## What is required
Retype the listing exactly, so that the copy matches it line for line.

------------------------------

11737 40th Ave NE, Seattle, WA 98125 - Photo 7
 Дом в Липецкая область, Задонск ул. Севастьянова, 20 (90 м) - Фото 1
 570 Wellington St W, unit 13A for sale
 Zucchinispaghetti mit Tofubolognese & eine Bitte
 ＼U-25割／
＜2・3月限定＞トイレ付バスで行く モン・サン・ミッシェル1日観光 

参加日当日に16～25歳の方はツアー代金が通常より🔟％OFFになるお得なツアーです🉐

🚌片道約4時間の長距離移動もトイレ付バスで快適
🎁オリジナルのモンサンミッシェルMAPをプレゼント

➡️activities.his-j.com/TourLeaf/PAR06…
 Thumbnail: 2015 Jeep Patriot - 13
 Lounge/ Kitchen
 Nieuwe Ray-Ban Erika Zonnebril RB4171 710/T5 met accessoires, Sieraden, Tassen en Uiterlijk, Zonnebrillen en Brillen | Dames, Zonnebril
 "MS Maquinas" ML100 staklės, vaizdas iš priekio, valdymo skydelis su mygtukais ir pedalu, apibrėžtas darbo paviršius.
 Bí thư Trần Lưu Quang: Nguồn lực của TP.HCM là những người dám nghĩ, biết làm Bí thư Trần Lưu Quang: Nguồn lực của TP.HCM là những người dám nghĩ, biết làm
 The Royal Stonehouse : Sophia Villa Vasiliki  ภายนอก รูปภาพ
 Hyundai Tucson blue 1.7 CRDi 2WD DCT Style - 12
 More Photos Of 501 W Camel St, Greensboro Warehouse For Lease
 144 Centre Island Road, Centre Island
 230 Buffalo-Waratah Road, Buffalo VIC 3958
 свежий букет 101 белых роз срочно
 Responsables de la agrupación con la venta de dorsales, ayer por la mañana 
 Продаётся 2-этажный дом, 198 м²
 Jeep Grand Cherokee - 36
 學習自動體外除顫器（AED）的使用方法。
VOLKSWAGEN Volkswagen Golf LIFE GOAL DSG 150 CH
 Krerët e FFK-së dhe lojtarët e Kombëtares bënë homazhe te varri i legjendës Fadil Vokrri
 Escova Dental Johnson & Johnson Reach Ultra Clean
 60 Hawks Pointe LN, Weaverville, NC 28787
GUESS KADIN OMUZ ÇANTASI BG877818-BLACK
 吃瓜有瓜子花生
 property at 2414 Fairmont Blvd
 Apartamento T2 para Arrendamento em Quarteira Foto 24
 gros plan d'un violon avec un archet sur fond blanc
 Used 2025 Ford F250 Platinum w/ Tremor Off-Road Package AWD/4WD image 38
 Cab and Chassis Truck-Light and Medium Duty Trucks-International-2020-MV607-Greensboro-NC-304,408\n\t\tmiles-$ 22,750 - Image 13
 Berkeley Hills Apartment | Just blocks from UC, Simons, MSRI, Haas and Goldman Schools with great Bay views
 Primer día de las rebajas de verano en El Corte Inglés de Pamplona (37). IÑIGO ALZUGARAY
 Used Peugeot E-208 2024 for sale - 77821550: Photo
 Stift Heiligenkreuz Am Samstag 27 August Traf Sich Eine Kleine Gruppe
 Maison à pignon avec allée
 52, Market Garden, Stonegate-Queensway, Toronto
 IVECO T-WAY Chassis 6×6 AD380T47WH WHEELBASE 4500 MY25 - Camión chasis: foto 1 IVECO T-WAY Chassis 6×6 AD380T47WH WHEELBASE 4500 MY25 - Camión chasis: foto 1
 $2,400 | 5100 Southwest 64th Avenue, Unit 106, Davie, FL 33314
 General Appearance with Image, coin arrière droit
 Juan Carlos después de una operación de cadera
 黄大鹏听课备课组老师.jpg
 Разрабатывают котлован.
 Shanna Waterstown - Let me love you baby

------------------------------

## Result of the task
11737 40th Ave NE, Seattle, WA 98125 - Photo 7
 Дом в Липецкая область, Задонск ул. Севастьянова, 20 (90 м) - Фото 1
 570 Wellington St W, unit 13A for sale
 Zucchinispaghetti mit Tofubolognese & eine Bitte
 ＼U-25割／
＜2・3月限定＞トイレ付バスで行く モン・サン・ミッシェル1日観光 

参加日当日に16～25歳の方はツアー代金が通常より🔟％OFFになるお得なツアーです🉐

🚌片道約4時間の長距離移動もトイレ付バスで快適
🎁オリジナルのモンサンミッシェルMAPをプレゼント

➡️activities.his-j.com/TourLeaf/PAR06…
 Thumbnail: 2015 Jeep Patriot - 13
 Lounge/ Kitchen
 Nieuwe Ray-Ban Erika Zonnebril RB4171 710/T5 met accessoires, Sieraden, Tassen en Uiterlijk, Zonnebrillen en Brillen | Dames, Zonnebril
 "MS Maquinas" ML100 staklės, vaizdas iš priekio, valdymo skydelis su mygtukais ir pedalu, apibrėžtas darbo paviršius.
 Bí thư Trần Lưu Quang: Nguồn lực của TP.HCM là những người dám nghĩ, biết làm Bí thư Trần Lưu Quang: Nguồn lực của TP.HCM là những người dám nghĩ, biết làm
 The Royal Stonehouse : Sophia Villa Vasiliki  ภายนอก รูปภาพ
 Hyundai Tucson blue 1.7 CRDi 2WD DCT Style - 12
 More Photos Of 501 W Camel St, Greensboro Warehouse For Lease
 144 Centre Island Road, Centre Island
 230 Buffalo-Waratah Road, Buffalo VIC 3958
 свежий букет 101 белых роз срочно
 Responsables de la agrupación con la venta de dorsales, ayer por la mañana 
 Продаётся 2-этажный дом, 198 м²
 Jeep Grand Cherokee - 36
 學習自動體外除顫器（AED）的使用方法。
VOLKSWAGEN Volkswagen Golf LIFE GOAL DSG 150 CH
 Krerët e FFK-së dhe lojtarët e Kombëtares bënë homazhe te varri i legjendës Fadil Vokrri
 Escova Dental Johnson & Johnson Reach Ultra Clean
 60 Hawks Pointe LN, Weaverville, NC 28787
GUESS KADIN OMUZ ÇANTASI BG877818-BLACK
 吃瓜有瓜子花生
 property at 2414 Fairmont Blvd
 Apartamento T2 para Arrendamento em Quarteira Foto 24
 gros plan d'un violon avec un archet sur fond blanc
 Used 2025 Ford F250 Platinum w/ Tremor Off-Road Package AWD/4WD image 38
 Cab and Chassis Truck-Light and Medium Duty Trucks-International-2020-MV607-Greensboro-NC-304,408\n\t\tmiles-$ 22,750 - Image 13
 Berkeley Hills Apartment | Just blocks from UC, Simons, MSRI, Haas and Goldman Schools with great Bay views
 Primer día de las rebajas de verano en El Corte Inglés de Pamplona (37). IÑIGO ALZUGARAY
 Used Peugeot E-208 2024 for sale - 77821550: Photo
 Stift Heiligenkreuz Am Samstag 27 August Traf Sich Eine Kleine Gruppe
 Maison à pignon avec allée
 52, Market Garden, Stonegate-Queensway, Toronto
 IVECO T-WAY Chassis 6×6 AD380T47WH WHEELBASE 4500 MY25 - Camión chasis: foto 1 IVECO T-WAY Chassis 6×6 AD380T47WH WHEELBASE 4500 MY25 - Camión chasis: foto 1
 $2,400 | 5100 Southwest 64th Avenue, Unit 106, Davie, FL 33314
 General Appearance with Image, coin arrière droit
 Juan Carlos después de una operación de cadera
 黄大鹏听课备课组老师.jpg
 Разрабатывают котлован.
 Shanna Waterstown - Let me love you baby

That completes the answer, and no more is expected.